Rather than finding blame in the teacher or the principal or putting down the coach, you need to say thank you. Help me know what's going on. Few things drive a wedge into a marriage relationship quite like children who show signs of rebellion. All too often, a husband and wife ignore the warning signs or they disagree on how to help their teen get back on track. Today on Insight for Living, Chuck Swindoll continues a message started yesterday in which he identifies these pitfalls and he provides biblical wisdom on how to protect and nurture our most cherished relationships. Teaching from the Old Testament book of First Samuel, Chuck titled today's message Danger Signs of Marital Erosion.

We know what's going on when all the while it is eating away, disintegrating, destroying, slowly, silently, subtly. We begin well by coming first to the cross. And we come to our savior and acknowledge that there's nothing in ourselves we can bring and it's only by his grace that we're able to approach him and take his offer of eternal life by faith.

We start our life with him. By and by in the process of time, cracks brought on by character flaws that are unsuspected and undetected by others widen, begin to take their toll in our lives. A compromise here, an off-color statement there and some contamination from here and before you know it, like in the case of King Saul, that life once standing tall and strong begins to weaken and finally collapse.

Erosion. What can happen in a building and what can happen in a life can occur in a family. Every couple begins at an altar or before the justice of the peace and they stand and say all the right words. They're called their vows. We had a lovely wedding here just yesterday afternoon and one of our own staff members marries a lovely young lady who was a part of our Insight for Living ministry and it was just perfect. They said all the right things and several times my wife would squeeze my hand and maybe to remind me that's what we said way back then and then I nudged her and we all felt warm all over.

It was all just so good. Marriage starts like that. But as the bride and groom were reminded yesterday, don't end this relationship. Don't let that happen.

Don't give up on this. Now why would the minister say that? Because he understands erosion, busyness, the whole time factor, the demands and deadlines, life being what it is before you know it, both are busy at their work, engaged even in ministry. A little slip here, a little slide there. And along come children.
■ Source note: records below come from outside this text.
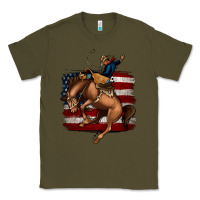 Army Green bucking bronco Classic Tee - Jasminsmagicworld
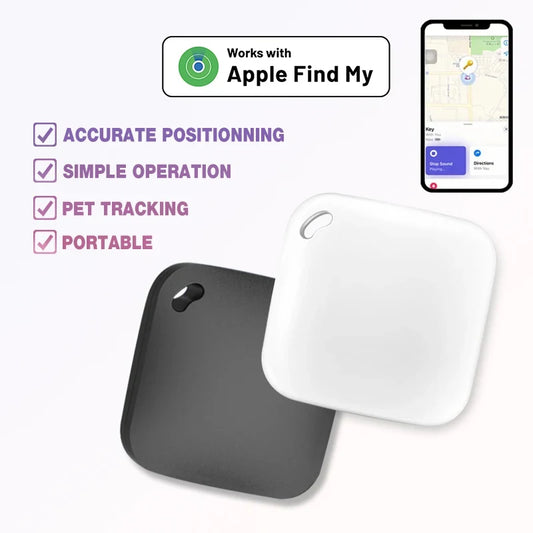 Smart Bluetooth GPS Tracker Work with Apple Find My APP ITag Anti Lost Reminder Device MFI Rated Locator Car Key Pet Kids Finder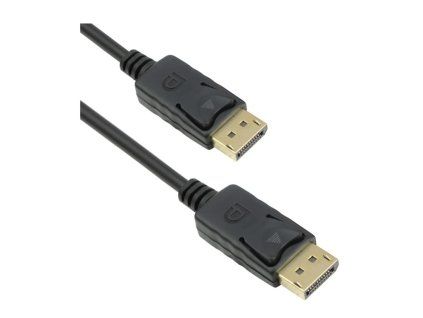 DisplayPort kabel DP-DP 1,8 m černý.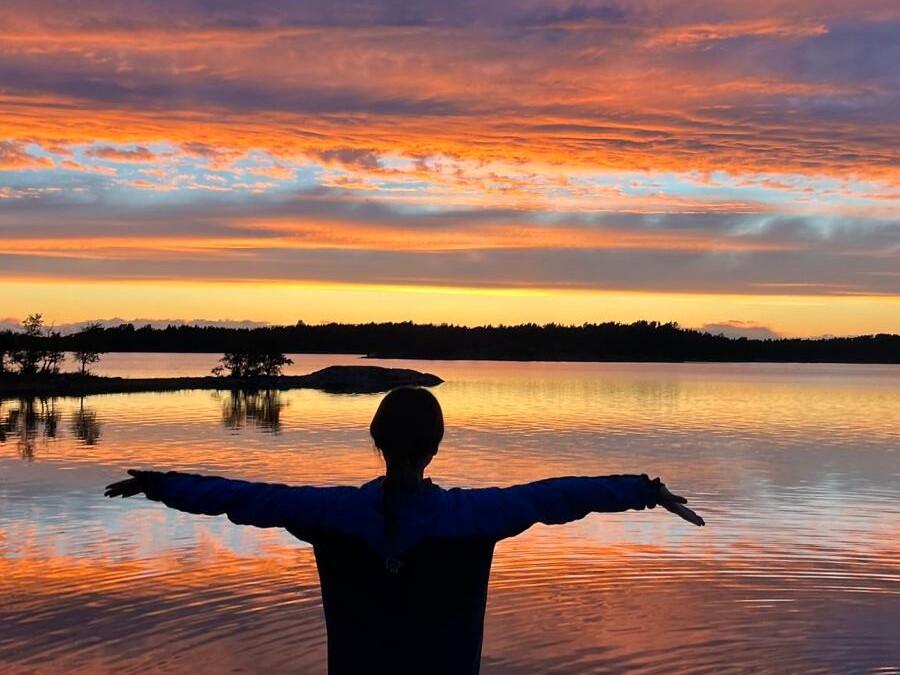 夕日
I've always found it interesting that brides and grooms and husbands and wives who think their lives are somehow difficult and having struggled, they think maybe having a child will help. That's the first step toward erosion when you begin the process of rearing the children and all that they bring and then there's not one, there's two and then there aren't two, there are four and then there aren't just four. There are friends and there's schooling and there's all this stuff of life and before you know it, you've lost touch. You may be surprised to know that that's not a new phenomenon.

It's happened since time immemorial. My Bible is open to an ancient book filled with the stories of what we would call ancient people who live very relevant lives. Here is a very responsible man rearing not just two sons of his own but now an adopted son whom the Lord brought to the mother in a very special way as we just read, but things begin to be unraveled. It occurred to me that there are erosion verses in the Bible.

Listen to a few. It was said of Samson in Judges 16, 20, he did not know that the Lord had departed from him. How could you not know the Lord has departed from you? Well, if you'd lived the life Samson had lived in the latter part of his time, you can understand erosion.

He had gotten so used to operating without the Lord's power, it was all about Samson. Hosea the prophet ministered to a wayward group of people known as the people of Israel in the northern kingdom. And on one occasion, the Lord gave Hosea the prophet a word to give to the people. You sow the wind, you reap the whirlwind. That's an erosion verse. Hosea 8.7, you sow the wind, meaning what?

You're already moving in the wrong direction and the more you move, the more rapid the wind, and the more the wind, the deeper the decline until you have eroded as you find yourself now. Jeremiah said similar words to the people of Judah. If you have run with the footmen and they have made you tired, what will you do when the cavalry comes? And if in a time of peace you trusted and couldn't make it, what will you do in the swelling or the jungle of the Jordan? If your walk is beginning to erode when days are peaceful, what will you do when jungle fighting comes?

And you've got to find yourself defending and you're too weak to fight. Probably the most familiar erosion verse is from Paul's pen. Be not deceived, God is not mocked, for whatsoever a man sows, what? That shall he also reap. You sow to the flesh, the next verse says, you will from the flesh reap corruption.

That's an erosion verse. Eli did not know that it was eroding. I mean, he didn't know at the time. It's silent. It's slow.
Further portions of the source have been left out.